For communities of color, the recession has had dire consequences even before this latest crisis. A Pew study released last week outlined the extent of the racial wealth gap: white households have on average 20 times the wealth of black households and 18 times that of Hispanic households. It was the "worst disparities in a quarter of a century," according to the Women of Color Policy Network at NYU Wagner. It is important to realize that African-American women earn only 62 cents, and Hispanic women only 53 cents, for every dollar earned by white, non-Hispanic men, as reported by the National Women's Law Center.

What will a further weakening of our economy mean to families, small businesses, local and state budgets, pensions, student loans, and property taxes? In a time of molasses job growth and increasing uncertainty about how to confront our failing schools, crumbling infrastructure, and lack of energy and environmental policy, now is not the time to be decimating critical programs, like Medicare and Social Security.

Holding the US economy hostage to political expediency is a radical and irresponsible tactic. Sadly, it is the least vulnerable of our citizens: low-income and often female-headed households and not the wealthy, the powerful, or the influential, who will bear the brunt of the fallout.

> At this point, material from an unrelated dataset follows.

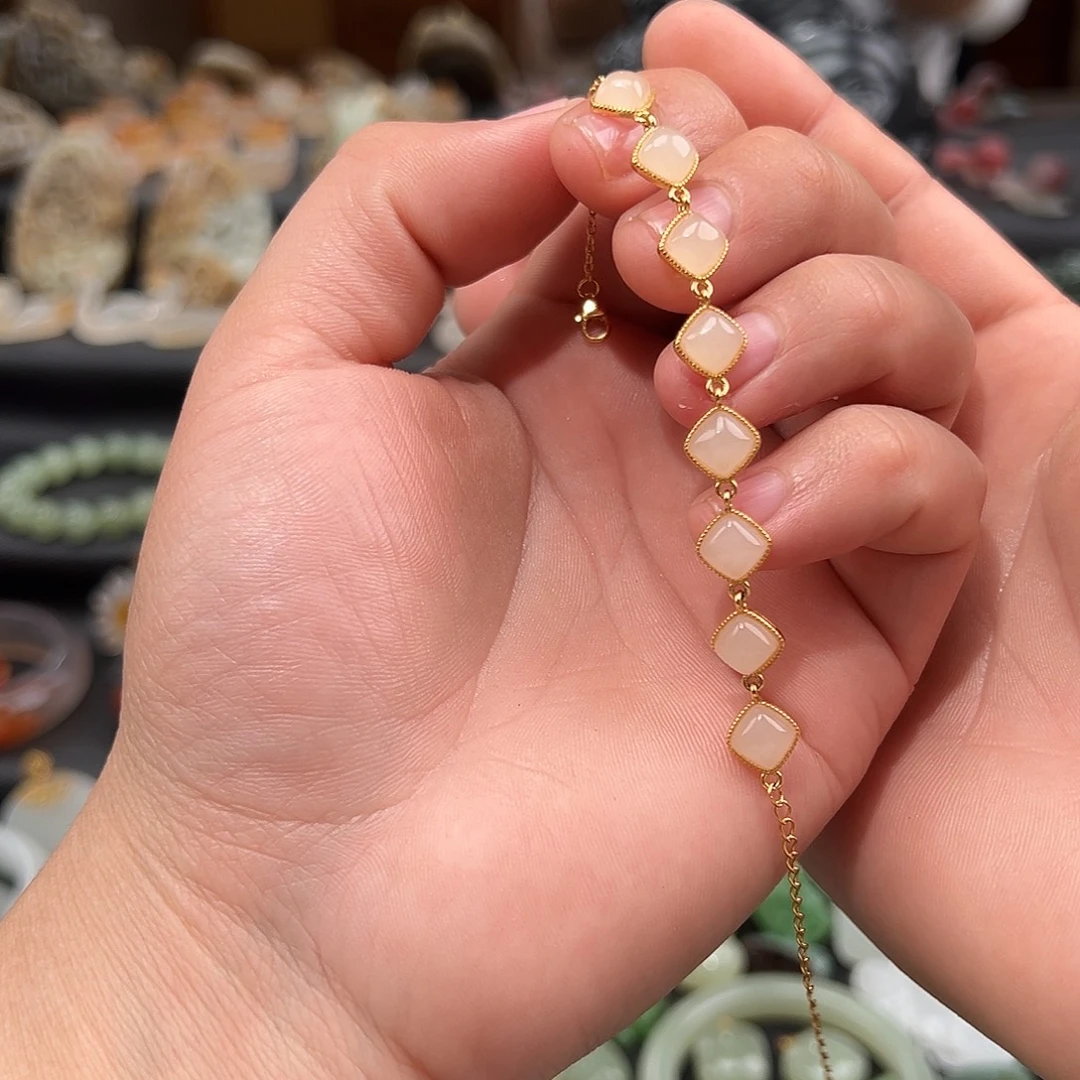 和田玉银S925镀金镶嵌手链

This crisis has sent alarm bells through an already skittish global market and the aftershocks will reverberate for months, maybe years to come.

As PIMCO CEO Mohamed El-Erian pointed out, worldwide perceptions of US credit-worthiness may be thrown into a tailspin of closing doors on badly needed opportunity and growth.

As concerned citizens, we need to keep our eyes on the ball and challenge any attempts to underplay the seriousness of the current situation as we renew calls for bringing balanced and sustainable growth to our shaken economy.